Op 24 oktober 2015 heeft [naam maatschap] bij de Bank een 15-jarige Euriborlening van € 1.350.000,- afgesloten. Op 10 oktober 2005 heeft zij bij de Bank ook een renteswap afgesloten voor een hoofdsom van € 600.000,-, met een looptijd van 10 jaar, een vaste rente van 3,5% en een variabele rente van 1-maands Euribor (hierna: Swap 1).

2.3.

Partijen hebben op 30 november 2016, onder meer, een nieuwe 10-jarige Euriborlening van € 1.725.000,- afgesloten (hierna: de 10-jarige lening). De rente bedroeg 1-maands Euribor plus een individuele opslag van 0,6% per jaar. De 15-jarige Euriborlening is met deze nieuwe lening afgelost. Op 18 oktober 2006 heeft [naam maatschap] bij de Bank een tweede renteswap afgesloten voor een hoofdsom van € 1.400.000,-, met een looptijd van 10 jaar ingaande op 2 januari 2007, een vaste rente van 3,9% en een variabele rente van 1-maands Euribor (hierna: Swap 2).

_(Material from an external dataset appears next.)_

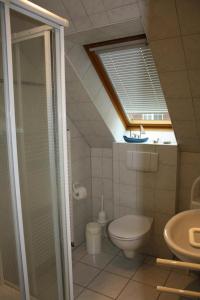 卡罗利嫩西尔Ferienwohnung Mühlenblick 3的带淋浴的浴室以及带天窗的卫生间。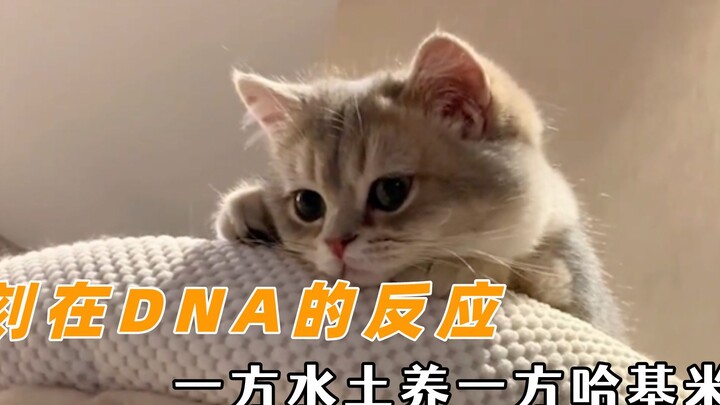 Setiap tanah membesarkan kucingnya sendiri, kucing di Yunnan gemar memakan jamur liar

Tegelijk met het aangaan van Swap 2 is Swap 1 met een positieve marktwaarde afgewikkeld.

2.4.

Vanaf begin 2007 tot november 2008 is de rente gestegen en vanaf 1 juni 2007 tot november 2008 lag het 1-maands Euribortarief boven de vaste rente onder Swap 2. Daarna is het 1-maands Euribortarief gezakt tot onder de vaste rente van Swap 2.

2.5.

Op 28 november 2007 heeft [naam maatschap], onder meer, een 2-jarige Euriborlening van € 1.200.000,- bij de Bank afgesloten (hierna: de 2-jarige lening). Deze lening was bestemd voor de financiering van de bouw van een stal en de aankoop van melkquotum. De rente bedroeg 1-maands Euribor plus een individuele opslag van 0,6% per jaar. Op 11 december 2007 heeft [naam maatschap] bij de Bank een derde renteswap afgesloten voor een hoofdsom van € 1.200.000,-, met een looptijd van 10 jaar ingaande op 1 oktober 2008, een vaste rente van 4,89% en een variabele rente van 1-maands Euribor (hierna: Swap 3).

2.6.

Vervolgens hebben partijen op 2 april 2009 een nieuwe 5-jarige Euriborlening van € 3.224.000,- afgesloten met een variabele rente van 1-maands Euribor plus een individuele opslag van 0,6% per jaar (hierna: de 5-jarige lening). Met deze lening zijn de 10-jarige lening en de 2-jarige lening afgelost.

2.7.

Bij brief van 1 oktober 2012 heeft de Bank de kredietopslag over de 5-jarige lening verhoogd van 0,6% naar 2,5%. [naam maatschap] heeft als gevolg van de ophoging een bedrag van € 100.150,- aan extra kredietopslag betaald aan de Bank.

2.8.

In september 2014 is de kredietrelatie tussen partijen beëindigd en is [naam maatschap] overgestapt naar een andere bank. Swap 2 en 3 zijn daarbij afgewikkeld en [naam maatschap] heeft de negatieve marktwaarde van deze swaps (respectievelijk € 130.500,- en € 239.500,-) aan de Bank vergoed.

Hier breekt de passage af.